How to have your AI stack locally (Vision, Chat, TTS, STT, Image Generation and RAG)

How to have your AI stack locally (Vision, Chat, TTS, STT, Image Generation and RAG)

Choosing a title for this post was challenging. The possibilities for a well-implemented, self-hosted AI stack are limitless, so I had to select the most eye-catching option to generate interest and engagement.

For as long as I can remember, I've been an avid supporter of self-hosted applications. As someone who values privacy, I make it my mission to discover alternatives to cloud services so that I can keep control of my data and avoid recurring payments for services that are not mine.

Just like any emerging technology, AI demands either dedicated hardware (like Groq's LPU architecture, explained in details here) or extremely powerful GPUs (as used by OpenAI, Microsoft, and others). Typically, this kind of hardware is not readily accessible to consumers. However, with certain caveats, this is no longer always the case today.

GPU Requirements

Before we proceed, let's address the obvious: we require a robust GPU for our small-scale project. When I say robust, I mean something with 16GB of VRAM like the 4070 Super TI. Alternatively, if you prefer excellent performance at less than half the cost, consider any 16GB GPU from AMD.

This class of GPU can (just about) handle loading our necessary models locally, preventing us from sharing our data and spending on cloud services. Additionally, it allows you to operate your AI system entirely offline, even if your internet connection is unexpectedly disrupted.
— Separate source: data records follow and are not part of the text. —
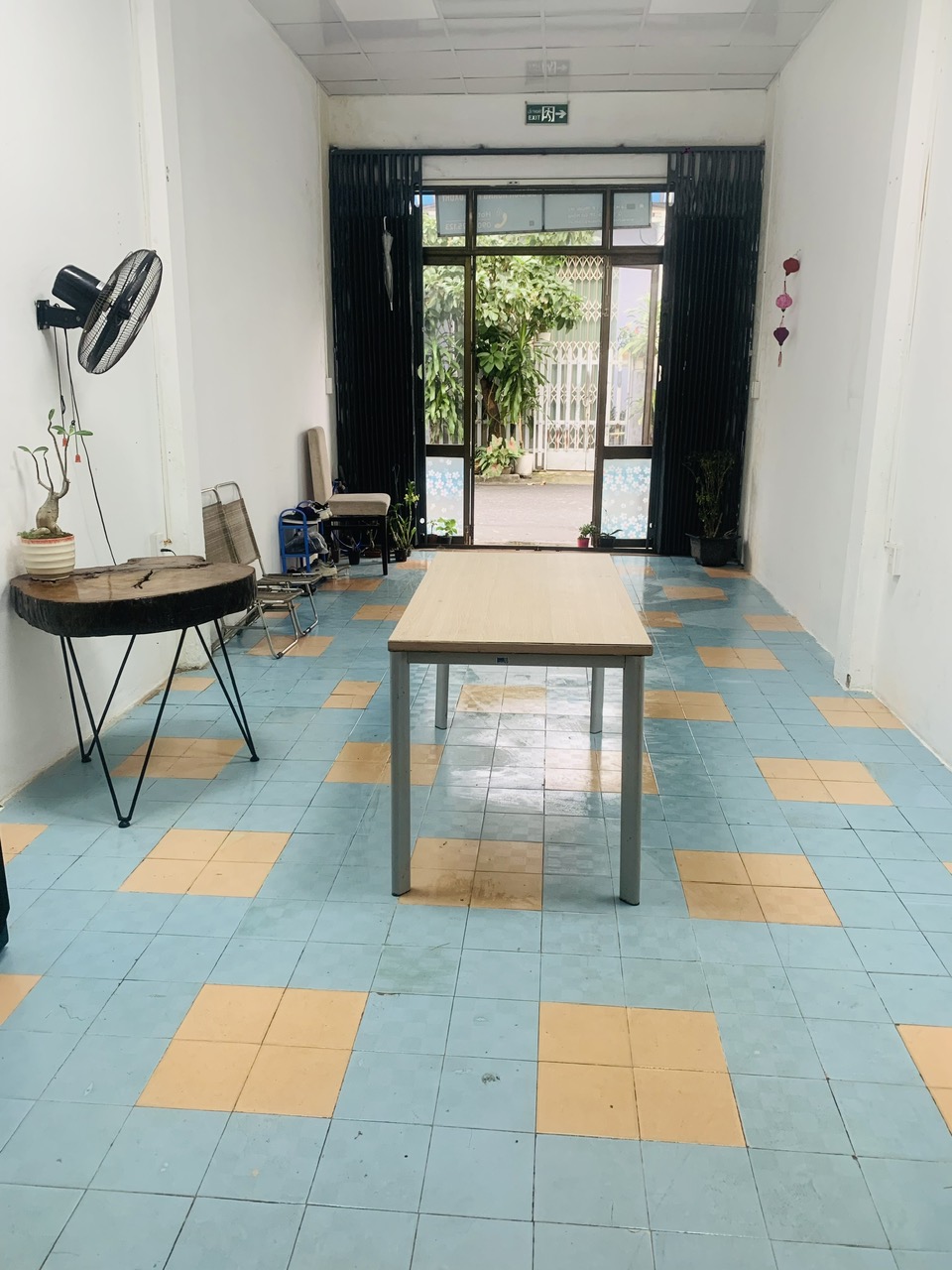 75m2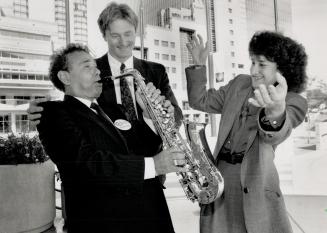 Blowing his horn: North York Mayor Mel Lastman joins Shawn Leari and Rena Singer-Gordon of the Canadian Diabetic Association in preparation for the kickoff of the agency's 1989 fundraising drive tomorrow in Mel's own square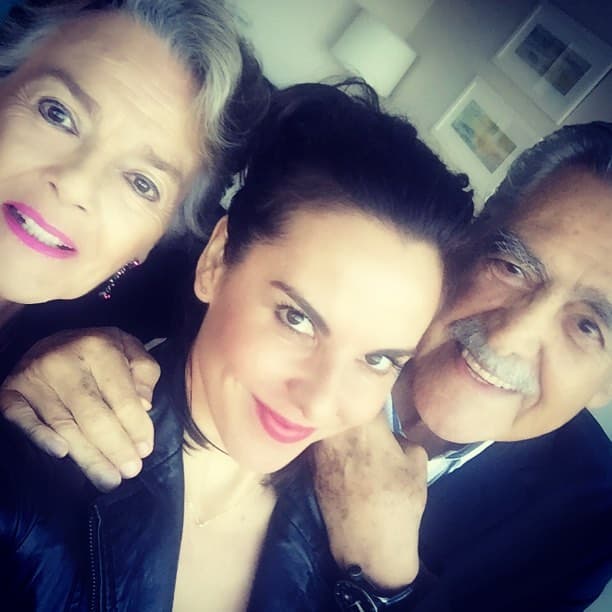 Kate del Castillo está gozando del fin junto a sus papis.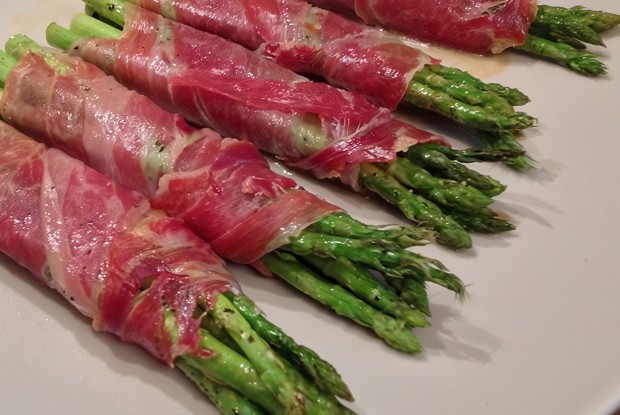 Жареная спаржа с хамоном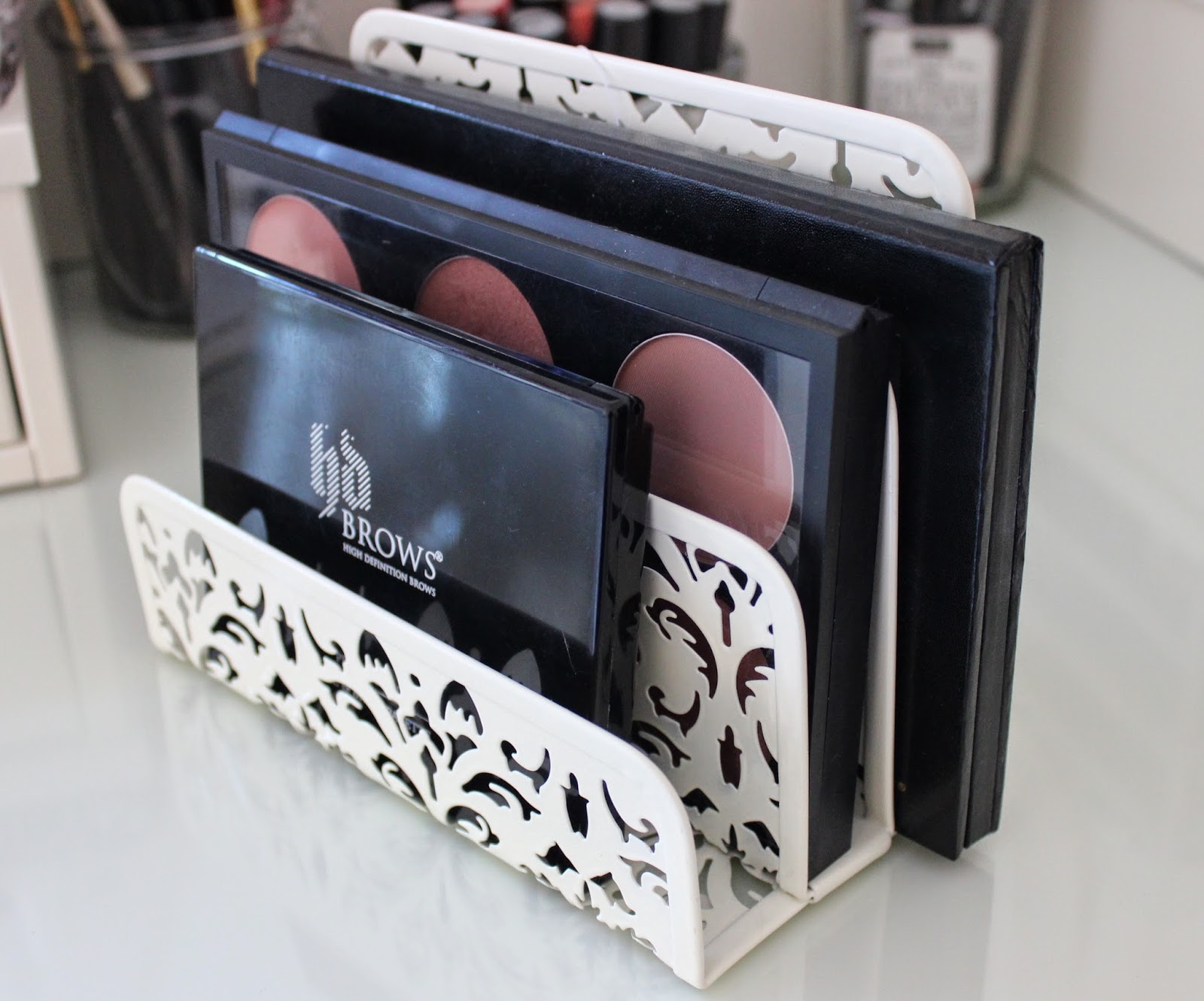 Table napkin holders can be used to store palettes! This exact napkin holder can be found in the home section of SM / Image via makeuppix.com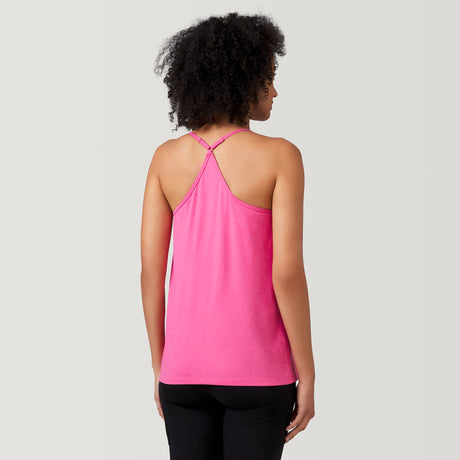 [Victoria is 5’11” wearing a size Small.] Free Country Womens Free2B B Cool V-Neck Built-In Bra Cami Top - Coral - S #color_coral
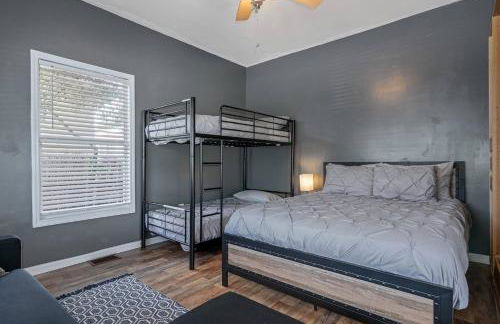 Wonderful 3 Bed 2 Bath House in Heart of YBOR City - Photo 21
The Modeldrome: our AI stack

Now, our task is to precisely outline the requirements for a comprehensive, functional, and convenient AI stack. We will promptly explore what constitutes an AI stack and the steps we can take to implement it on a local machine.

System Requirements

Our system requirements are quite demanding but manageable if you're a PC enthusiast. If you’re a gamer or currently work with AI locally, it's likely that you already have the necessary setup in place.

Requirements

  • 24GB RAM (minimum, 32GB recommended)
  • 8-core modern CPU
  • 16GB VRAM GPU (the more, the better)
  • Docker and Docker Compose

You have the option to use Windows or Linux for this task. In theory, MacOS should function similarly, but you may need to manually adjust the instructions for GPU usage in Docker since I no longer possess a Mac (unfortunately). The same applies to AMD GPUs; as I am employing an Nvidia GPU for the purposes of this tutorial.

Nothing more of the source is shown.